→ **WHAT THIS TASK INVOLVES**:
Each line below must be reproduced exactly, though the pictures are to be dropped.

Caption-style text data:
--*--

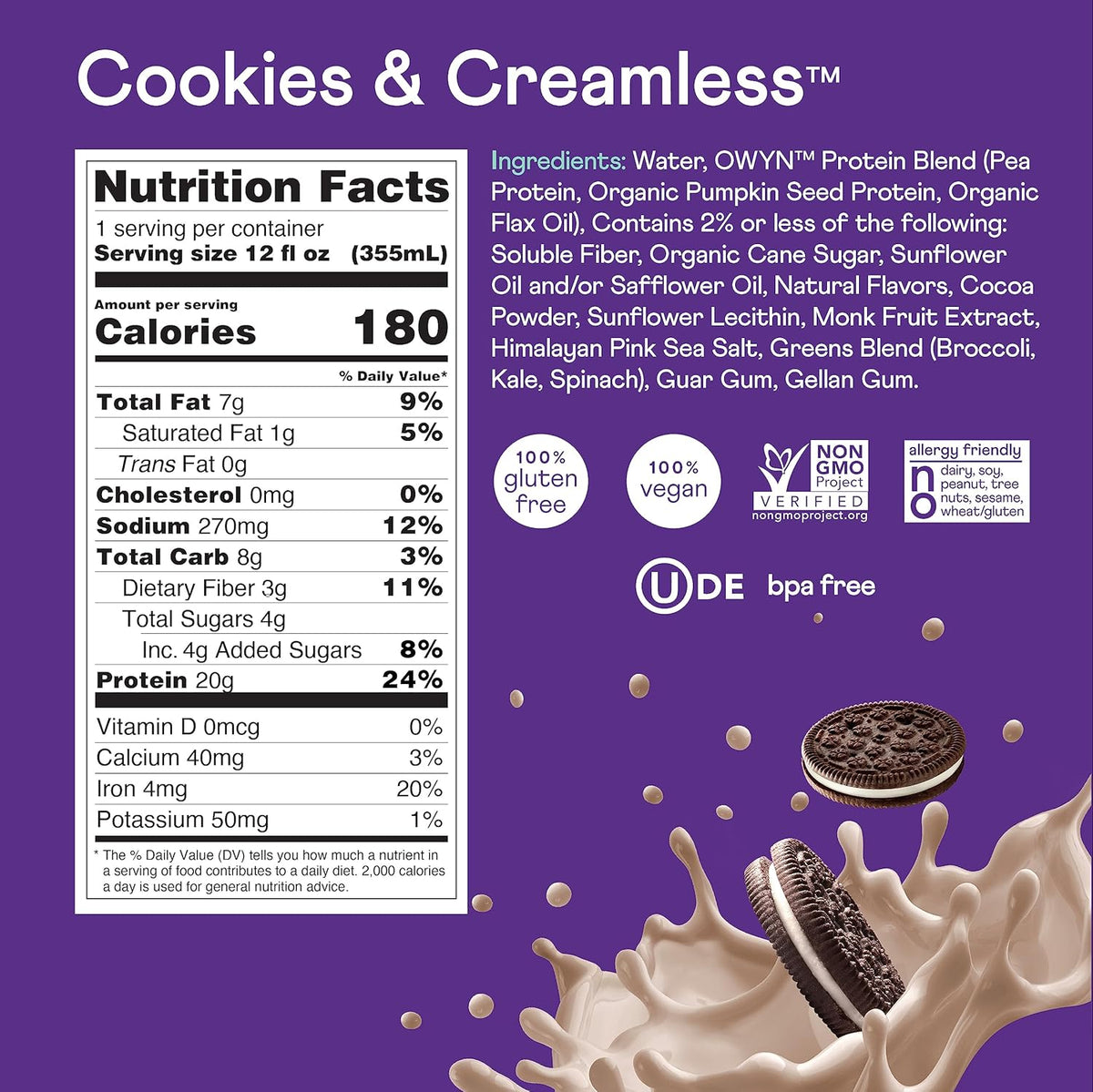 OWYN Vegan Protein RTD — Cookies & Creamless facts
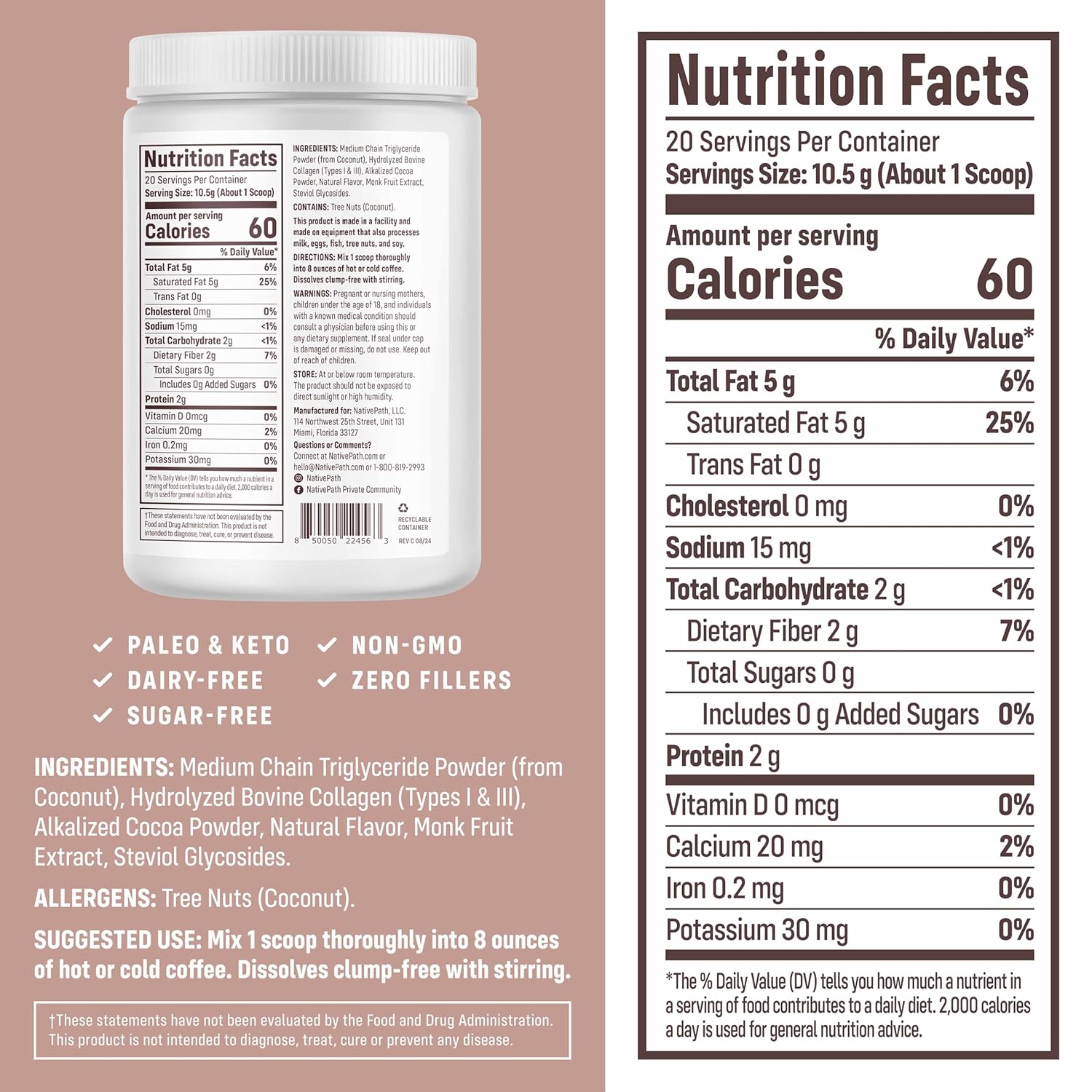 NativePath Keto Coffee Creamer Powder Mocha Latte — Keto-Friendly, Non-Dairy & Low Sugar Creamer. Made with Grass-fed Collagen Protein Powder, MCT Oil & Monk Fruit. Soy & Gluten Free (7.4 OZ)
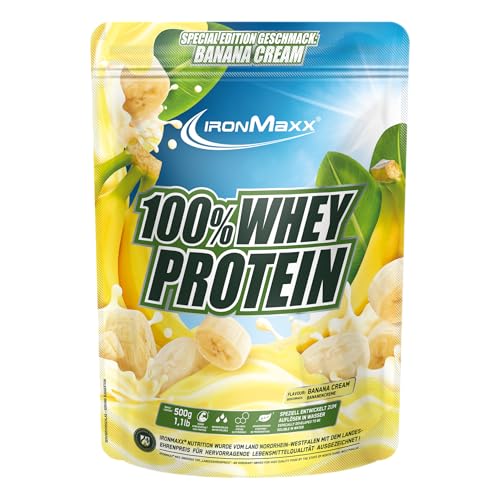 IronMaxx 100% Whey Protein Pulver 500g - Banana Cream | Cremiger Eiweißshake mit BCAAs & EAAs | High Protein, Low Carb & zuckerarm | Ideal für Muskelaufbau & Fitness Design kann variieren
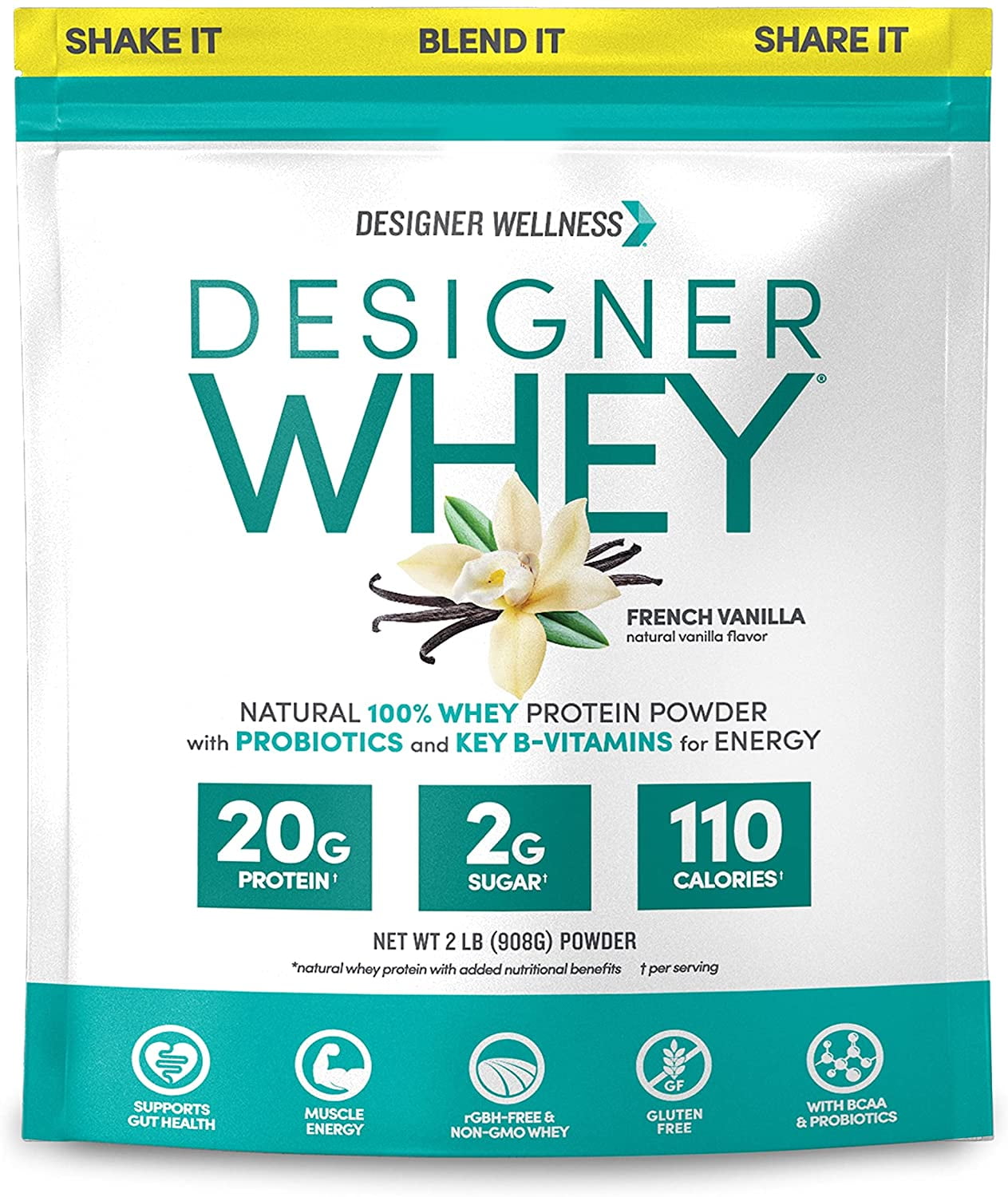 Designer Wellness, Designer Whey, Natural Whey Protein Powder with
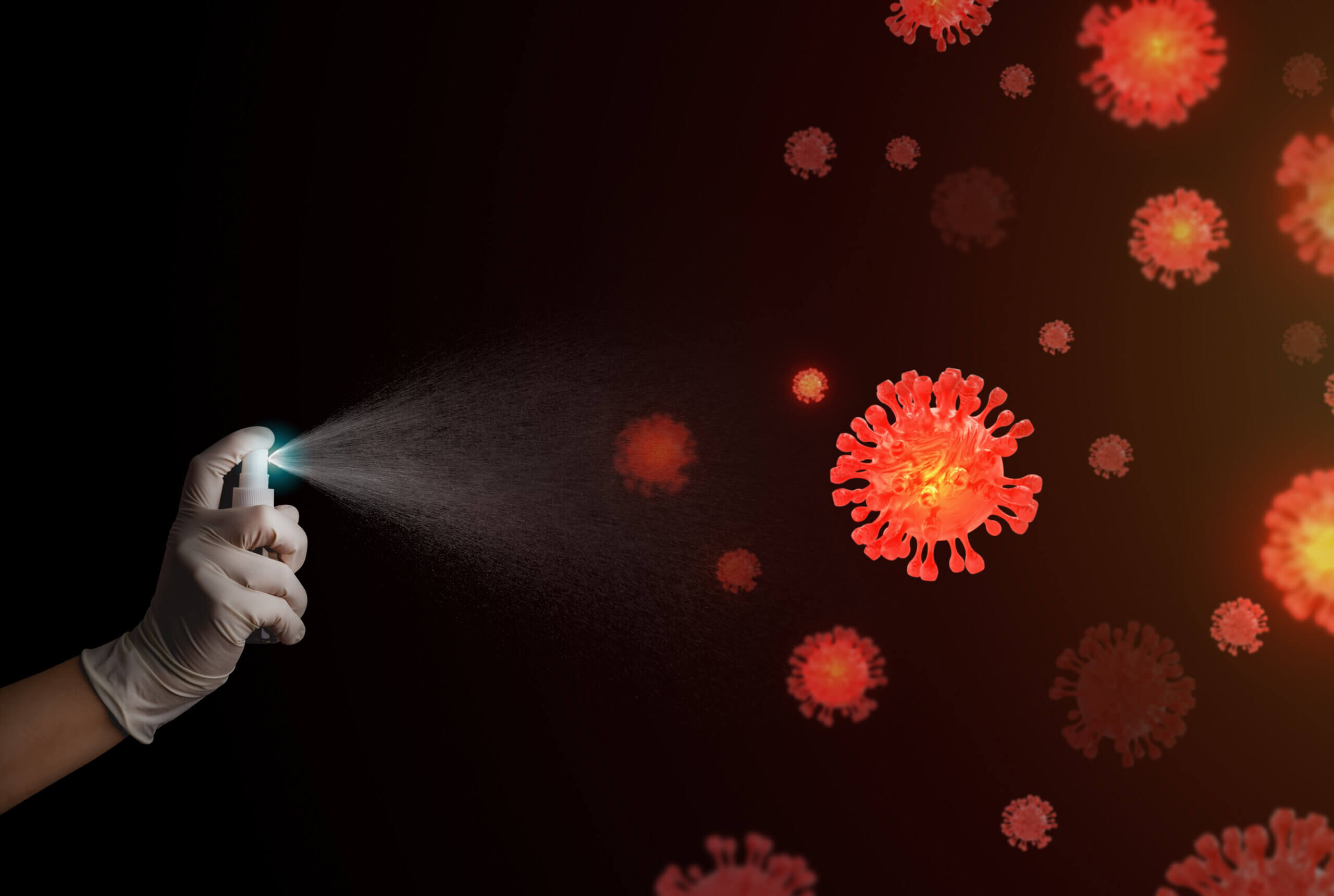 Spraying disinfectants to kill viruses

--*--

→ **OUTPUT OF THE EXERCISE**:
 OWYN Vegan Protein RTD — Cookies & Creamless facts
 NativePath Keto Coffee Creamer Powder Mocha Latte — Keto-Friendly, Non-Dairy & Low Sugar Creamer. Made with Grass-fed Collagen Protein Powder, MCT Oil & Monk Fruit. Soy & Gluten Free (7.4 OZ)
 IronMaxx 100% Whey Protein Pulver 500g - Banana Cream | Cremiger Eiweißshake mit BCAAs & EAAs | High Protein, Low Carb & zuckerarm | Ideal für Muskelaufbau & Fitness Design kann variieren
 Designer Wellness, Designer Whey, Natural Whey Protein Powder with
 Spraying disinfectants to kill viruses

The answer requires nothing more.